# Purchasing a home.



## MLuscombe

My wife and I are EU nationals looking to purchase a primary home in France. Is there a tax advantage if we were to rent a home first and then become residents beforehand?

Otherwise we intend to purchase immediately as non-residents and then transfer residency.


----------



## BackinFrance

Are you aware that it takes a good 3 months from signing the compromis to the final acte de vente, so your purchase is very likely to be finalized before 2023.

OTOH renting a home in France this year would mean you could make a tax declaration for part of 2022 next May, which could simplify things significantly in terms of taxe d'habitation and taxe foncière, as well as entitling you to many other benefits sooner, such as assistance with making energy efficient modifications to your home, especially since it would reduce your declared income. 8


----------



## BackinFrance

Of course my comment only applies if you can move this year. It would almost certainly be your only opportunity to have a low RFR, revenues fiscale de référence.

Still, the US France tax agreement is very generous, so not perhaps such a big deal for you. And of course it is not easy to find a rental in France, though I do not see why you could not make a tax declaration here even if you are in a holiday rental (others will no doubt correct me).


----------



## Bevdeforges

Even assuming you could find a place to buy and move to France by the end of 2022, in the year you move, you would only declare your worldwide income in France from your move-in/arrival date to the end of the year. 

How the US-France treaty comes into play here depends a bit on what your status is in the US right now (noting the US flag on your info). It's a function of how long you've been living in the US, whether or not you've taken US citizenship and if you haven't, then properly surrendering your "green card" before you leave. But I leave all that to the tax whizzes in the Expat Tax section to explain.
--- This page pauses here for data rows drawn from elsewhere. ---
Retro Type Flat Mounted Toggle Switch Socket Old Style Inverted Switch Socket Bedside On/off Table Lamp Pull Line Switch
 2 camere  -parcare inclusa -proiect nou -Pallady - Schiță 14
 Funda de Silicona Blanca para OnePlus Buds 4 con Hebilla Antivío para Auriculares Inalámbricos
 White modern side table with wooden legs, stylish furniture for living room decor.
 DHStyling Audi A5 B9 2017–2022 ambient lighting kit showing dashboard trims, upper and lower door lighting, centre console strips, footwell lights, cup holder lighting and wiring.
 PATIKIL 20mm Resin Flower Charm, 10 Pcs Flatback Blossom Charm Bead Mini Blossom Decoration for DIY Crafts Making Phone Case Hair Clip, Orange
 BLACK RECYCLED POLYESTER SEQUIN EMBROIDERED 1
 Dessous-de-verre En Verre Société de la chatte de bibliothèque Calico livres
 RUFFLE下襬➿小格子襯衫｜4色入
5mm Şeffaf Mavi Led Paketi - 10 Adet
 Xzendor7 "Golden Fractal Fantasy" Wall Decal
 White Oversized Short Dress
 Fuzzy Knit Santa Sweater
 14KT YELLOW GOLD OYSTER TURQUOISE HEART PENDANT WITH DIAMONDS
The main "advantage" to renting before you buy on coming to France is that you need to give yourselves a chance to get to know the area you are looking to buy in. There are well over 30,000 towns in France, and even neighboring towns can have vastly different tax rates (mainly for the taxe fonciere these days), and a different overall "character." Hard to assess that until you've lived in the area for a while. Also, because property doesn't generally turn around nearly as quickly here as it does in the US, if you make a mistake in your first purchase or change your mind about the location, you may find yourselves "stuck" in a place or a house you're not happy with for many months while trying to re-sell. Otherwise, no particular "tax advantages" to renting before you buy.


----------